## Data provided
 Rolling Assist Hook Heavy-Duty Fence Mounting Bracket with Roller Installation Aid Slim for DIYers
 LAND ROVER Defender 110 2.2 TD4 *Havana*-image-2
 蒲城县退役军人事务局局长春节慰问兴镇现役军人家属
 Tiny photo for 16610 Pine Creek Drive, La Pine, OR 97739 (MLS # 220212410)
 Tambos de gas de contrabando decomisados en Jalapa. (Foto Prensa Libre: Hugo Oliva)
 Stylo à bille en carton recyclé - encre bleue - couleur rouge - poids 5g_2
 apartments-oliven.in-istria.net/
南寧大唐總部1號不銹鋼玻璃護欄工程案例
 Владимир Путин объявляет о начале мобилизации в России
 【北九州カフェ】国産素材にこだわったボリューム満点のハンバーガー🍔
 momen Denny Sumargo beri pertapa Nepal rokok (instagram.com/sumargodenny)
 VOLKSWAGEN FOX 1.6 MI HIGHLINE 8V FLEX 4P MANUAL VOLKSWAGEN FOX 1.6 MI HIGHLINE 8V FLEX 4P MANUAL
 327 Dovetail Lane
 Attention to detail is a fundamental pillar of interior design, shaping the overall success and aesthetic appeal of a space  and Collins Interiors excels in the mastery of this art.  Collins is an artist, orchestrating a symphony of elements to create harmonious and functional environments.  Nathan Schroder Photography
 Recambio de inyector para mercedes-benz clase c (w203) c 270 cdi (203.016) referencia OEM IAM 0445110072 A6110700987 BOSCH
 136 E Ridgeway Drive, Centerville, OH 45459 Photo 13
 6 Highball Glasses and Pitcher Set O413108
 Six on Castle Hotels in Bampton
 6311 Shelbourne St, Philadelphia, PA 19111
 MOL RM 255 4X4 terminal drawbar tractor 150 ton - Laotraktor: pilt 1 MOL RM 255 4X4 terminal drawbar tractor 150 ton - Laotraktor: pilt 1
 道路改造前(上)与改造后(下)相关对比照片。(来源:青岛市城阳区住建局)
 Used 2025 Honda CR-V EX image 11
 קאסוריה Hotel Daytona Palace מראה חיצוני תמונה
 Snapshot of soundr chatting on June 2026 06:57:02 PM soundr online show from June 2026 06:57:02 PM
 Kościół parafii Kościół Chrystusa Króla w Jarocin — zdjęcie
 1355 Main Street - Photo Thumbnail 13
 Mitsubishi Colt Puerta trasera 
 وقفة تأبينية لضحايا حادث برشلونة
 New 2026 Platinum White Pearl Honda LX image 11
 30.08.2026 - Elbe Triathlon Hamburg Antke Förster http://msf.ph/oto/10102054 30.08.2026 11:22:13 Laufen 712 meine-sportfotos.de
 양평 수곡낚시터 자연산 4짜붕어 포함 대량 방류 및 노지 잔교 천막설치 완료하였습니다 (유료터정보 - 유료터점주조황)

## What to do
What you give back should be only the lines of the records above, starting at the line with "apartments-oliven.in-istria.net/" and ending at the line with "Six on Castle Hotels in Bampton", restated word for word.

## Solution to this problem
 apartments-oliven.in-istria.net/
南寧大唐總部1號不銹鋼玻璃護欄工程案例
 Владимир Путин объявляет о начале мобилизации в России
 【北九州カフェ】国産素材にこだわったボリューム満点のハンバーガー🍔
 momen Denny Sumargo beri pertapa Nepal rokok (instagram.com/sumargodenny)
 VOLKSWAGEN FOX 1.6 MI HIGHLINE 8V FLEX 4P MANUAL VOLKSWAGEN FOX 1.6 MI HIGHLINE 8V FLEX 4P MANUAL
 327 Dovetail Lane
 Attention to detail is a fundamental pillar of interior design, shaping the overall success and aesthetic appeal of a space  and Collins Interiors excels in the mastery of this art.  Collins is an artist, orchestrating a symphony of elements to create harmonious and functional environments.  Nathan Schroder Photography
 Recambio de inyector para mercedes-benz clase c (w203) c 270 cdi (203.016) referencia OEM IAM 0445110072 A6110700987 BOSCH
 136 E Ridgeway Drive, Centerville, OH 45459 Photo 13
 6 Highball Glasses and Pitcher Set O413108
 Six on Castle Hotels in Bampton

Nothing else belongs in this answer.